Die Forderungen, sonstigen Vermögensgegenstände und Wertpapiere des Umlaufvermögens wurden grundsätzlich mit dem Nennbetrag angesetzt. Erkennbare Einzelrisiken wurden durch Einzelwertberichtigungen berücksichtigt.

Verbindlichkeiten

Die Verbindlichkeiten wurden mit dem Erfüllungsbetrag angesetzt. Sofern die Tageswerte über den Erfüllungsbeträgen lagen, wurden die Verbindlichkeiten zum höheren Tageswert angesetzt.

Rückstellungen

Die Rückstellungen wurden mit dem nach vernünftiger kaufmännischer Beurteilung notwendigen Erfüllungsbetrag angesetzt. Die sonstigen Rückstellungen berücksichtigen alle erkennbaren Risiken und ungewissen Verpflichtungen.

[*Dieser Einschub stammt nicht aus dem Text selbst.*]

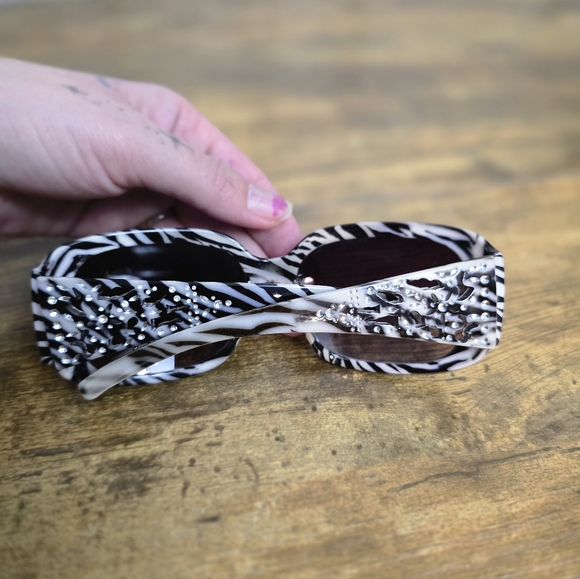 Zebra Print Square Sunglasses - Picture 2 of 5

Die Steuerrückstellungen enthalten die noch nicht veranlagten Steuern des Geschäftsjahres.

III. Angaben zur Bilanz

Sämtliche Forderungen und sonstigen Vermögensgegenstände haben eine Restlaufzeit von weniger als einem Jahr.

Der Gesamtbetrag der Forderungen gegenüber Gesellschaftern ist aus der Bilanz ersichtlich.

Verbindlichkeiten mit einer Restlaufzeit von weniger als einem Jahr sind aus der Bilanz ersichtlich.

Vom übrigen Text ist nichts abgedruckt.